For sure I question what culture has to do with addictions and the destruction of the family. I rather have someone who cares about me and is fun to be with, than rely on alcohol or a drug to feel good. But having that special someone depends on having social skills and also material things. Social skills must be learned and we might consider that an important part of education as it was in our past. And addictions are very much a chemical thing, it could be sugar, alcohol, or drugs or even watching the news, or exercising- these behaviors are about chemicals and hormones. And like wearing a mask to avoid covid, education could help improve decision making, but teenagers aren't likely to value the lesson.It is not the alcohol or the drugs that cause the dysfunction. Ask what kind of culture causes people to turn to drugs and alcohol?
Cultures can make families strong or weak and right now our culture in the US is doing many things that make families weak and this why I started this thread.
— Athena
I think you and I are saying much of the same thing and the agreement is there.
this is a fight against the government's control of education.
— Athena
That is only true because government is controlled by the Plutocracy. There is nothing inherently wrong with goverment control of education. The problem lies in who controls government. Our foundind fathers believed in public education and they were right, in my opinion. But what happened to civics, etc.?

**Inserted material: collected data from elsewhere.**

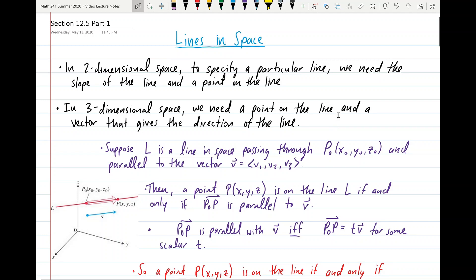Hello, Calc 3. Welcome back to another video. In this first video for May 14th, we're going to be covering Part 1 of Section 12.5, and the topic we will be covering is lines in space.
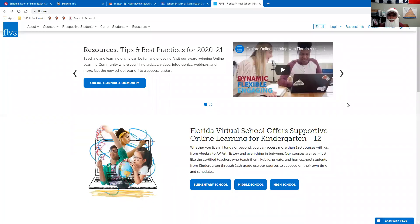Hello Palm Beach Lakes students! This is Mr. Lin letting you know that Christmas has come early because today I'm going to show you how to sign up for an FLVS course the easy way.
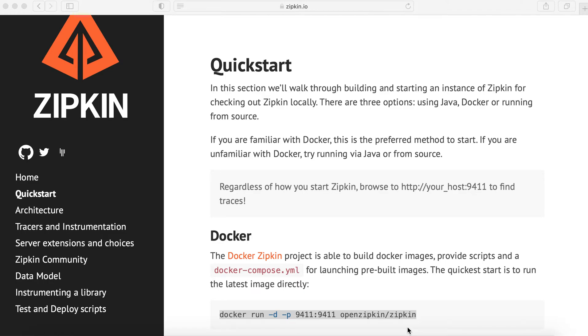Okay, hello guys. In this video, I'm going to show you how to implement OpenTracing instrumentation in a Spring Boot application using Zipkin.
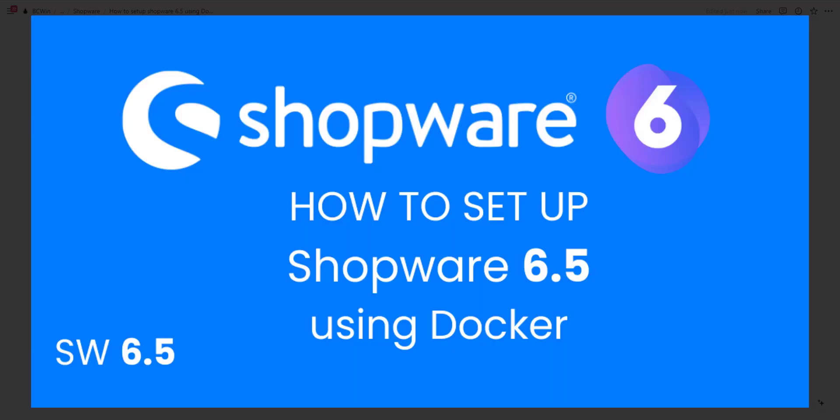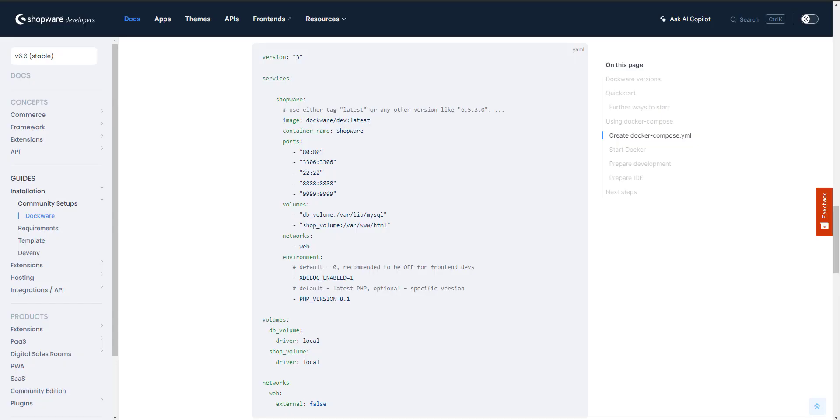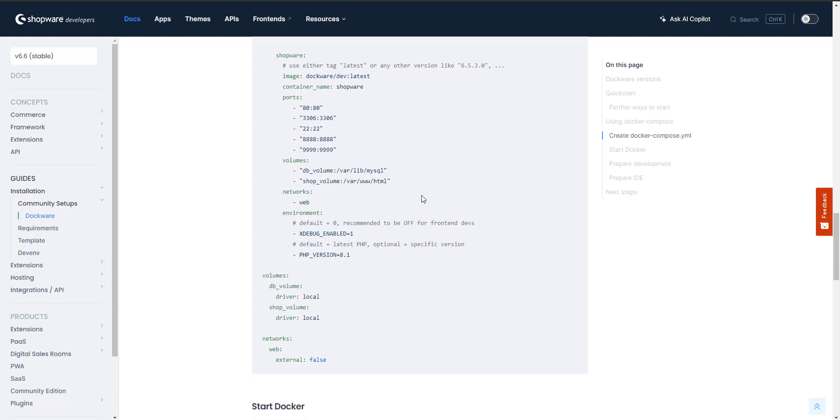Hello and welcome, I am Bashar. I'm working as a Shopware developer. In today's video I'm going to show you how to set up Shopware 6.5 using Docker. Let's start. From Shopware documentation, copy this docker compose file and we're going to change some lines here.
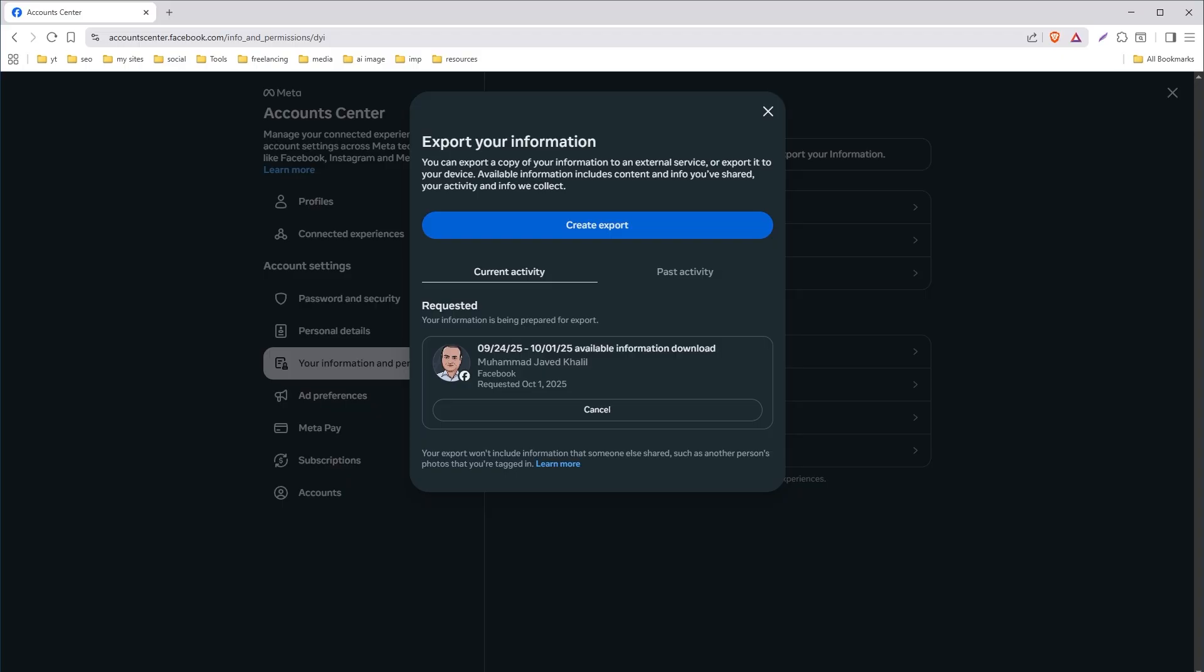So this is how you can download your data from Facebook. I hope it helped. Like, share, subscribe. And I will see you in the next one.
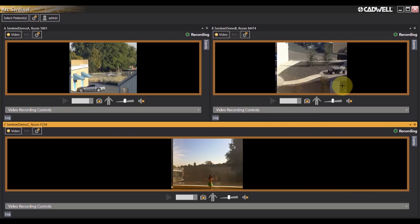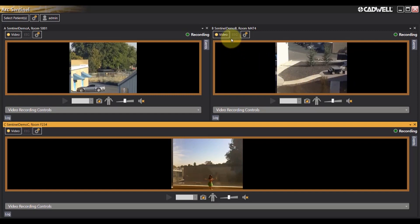If at any point you wish to view active EEG from this Sentinel monitoring screen, you can simply click on the EEG icon next to the patient's name.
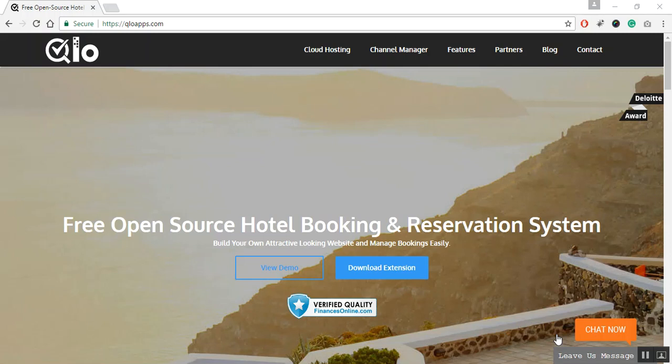Hello, this is a video tutorial about QloApps installation. In this video you will learn how to install QloApps on your server and launch your own hotel booking website.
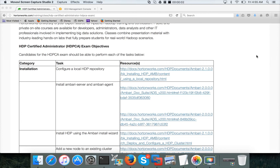Hello friends, this is Durgesh again from ITVersity. At this time we are talking about HDPCA, HDP Certified Administrator, and we are still doing the prerequisites for installing the Hadoop cluster.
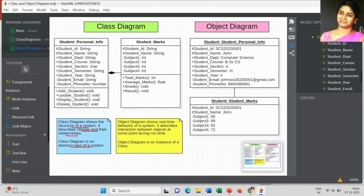Coming to the object diagram: an object diagram shows the real-time behavior of your system. Real-time behavior means each time you are executing your program it depends upon the input and depends upon the situation - it acts in a real-time scenario. That's why we call it the real-time behavior of your system. I will give you a simple example for this object diagram.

Again, big government is not the problem and never has been (in the U.S.). The problem is, who owns the government? Money, or people? FDR was on the right track. But it was NOT government that created the MIC out of thin air or a vaccume. It was the private sector monied interests that did it. To kill government is to cut off your nose to spite your face. Kill instead the monied ownership of government. You see the giant turn in 1958 but money has sought to own government since the founding.